Huang Yung-Fu, the 96-year-old painter who saved his village
4 min read
It’s 04:00 in central Taiwan and everything is asleep, flashing neon signs of the city of Taichung are off and the only movement in the night is the silhouette of a 96-year-old man slowly painting alone in the darkness.
Every morning, Huang Yung-fu flips on a light, shuffles out of his two-room bungalow in sandals and while the city around him sleeps, he crouches on a stool for three hours and quietly decorates the drab cement.
Now in the city tiny tigers leap from the walls, whiskered kittens hide in alleyways and a cheery parade of wide-eyed pandas, peacocks and people peek out from the doorways.
While covering every corner of the village in a vivid dreamscape may seem like Huang’s life work, the self-taught artist only picked up a brush 10 years ago at the age of 86!
Huang Yung-fu today is a 96-year-old, and 10 years ago, exactly in 2009, he received a letter that would change his life forever. The village in which he lived had to be razed to the ground, destroyed to build new buildings by the Taiwanese government. Mr. Huang Yung-fu, who was the last resident of a village born about 40 years earlier, should have gathered all his (few) possessions and moved elsewhere, to a new house with no history or personality.
So, an alternative idea occurred to his mind…
His history, moreover, is quite particular. Huang Yung-fu is a man of Chinese origin, a veteran of the Sino-Japanese war (1937-1945), which later turned into the Second World War. He was born outside Guangzhou, China, and in 1937, he left home as a 15-year-old boy to fight the Japanese in the Second Sino-Japanese War.
After World War Two, Huang joined the fight against Mao Zedong’s Communist government as the Chinese Civil War raged on back home. But when the Nationalist Party was defeated in 1949 and Zedong created the People’s Republic of China, Huang and two million other troops and their families followed its Nationalist leader, Chiang Kai-shek, as he fled to Taiwan.
Along with him, in this area, there were about 1200 other families, who animated the place with an intense social life.
As time passed, however, the younger ones began to emigrate, and the elderly to die. Unmarried and with no family in Taiwan, Huang had nowhere to go and so, he remained until he was the last resident left.
Plausibly, the Taiwanese government asked the man to change housing, but the idea of abandoning the only place he could call “home” tormented him, so the soldier picked up a paintbrush. First came the little bird in his bungalow. Then some cats, people and aeroplanes. Soon, his colourful creations began to spill outside and onto the village’s abandoned buildings and streets, that were now uninhabited, giving a first form to a work that in the following 10 years would become something monumental. Today, 10 years later, “Rainbow Grandpa”, as it is known on the web, is a celebrity.

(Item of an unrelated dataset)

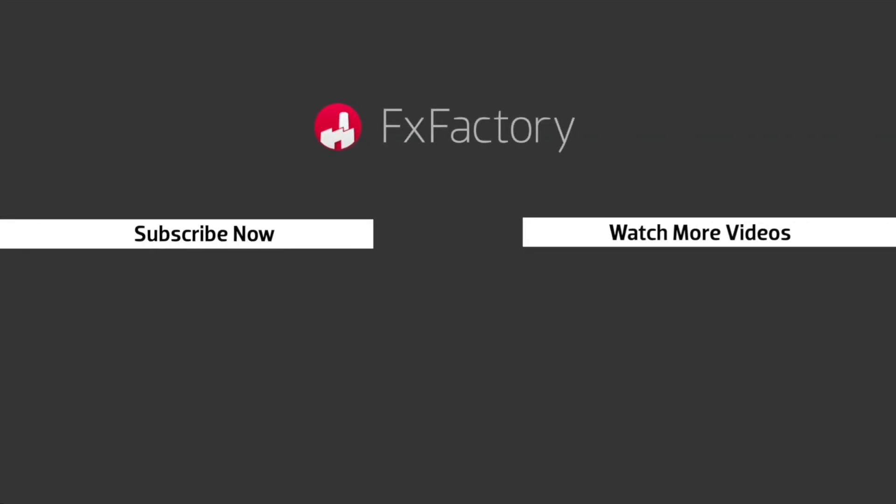FX Factory offers a huge selection of great effects. And if you don't have them yet, I suggest you go try them out at fxfactory.com. Subscribe to this channel for more great videos every week.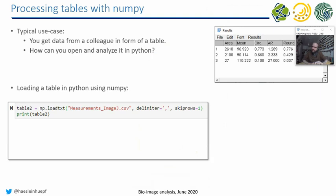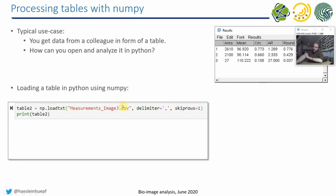NumPy is one of the potential answers for that, the one I introduced you first to because you are already used to NumPy now. It has a function called loadTXT. So you can enter here a CSV file, so this is the files we saved during the past weeks in ImageJ. And you have to specify a delimiter, comma.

His story was told by a university student who, with a fundraiser and internet tam-tam, made the 96-year-old man in Taiwan famous.
One night in 2010 as Huang toiled away under the moonlight, the student from nearby Ling Tung University stumbled upon the ageing artist and learned of his solitary battle to stave off the government’s bulldozers one brush stroke at a time. After snapping a few images of Huang’s concrete canvas, the student started a fundraising campaign to purchase as much paint for Huang as possible and launched a petition to protest the settlement’s demolition.
“People were amazed at this artist’s passion and touched by students trying to help an old man,” said Andrea Yi-Shan Yang, chief secretary of Taichung’s Cultural Affairs Bureau. “As news of ‘Grandpa Rainbow’ spread, it soon became a national issue. He had our entire society’s attention and compassion.”
For much of the past 10 years, Huang relied on coins left in a donation box outside his bungalow to buy his paint. Now, a group of young people help him sell postcards and illustrations of his work and whatever proceeds don’t go towards his art are donated to local organisations that help the elderly. Today the village has become a monumental work of street art, visited every year by thousands of people, with the Taiwanese government committing itself to keeping alive the work of Huang Yung-fu, avoiding razing a small piece of Taiwan history.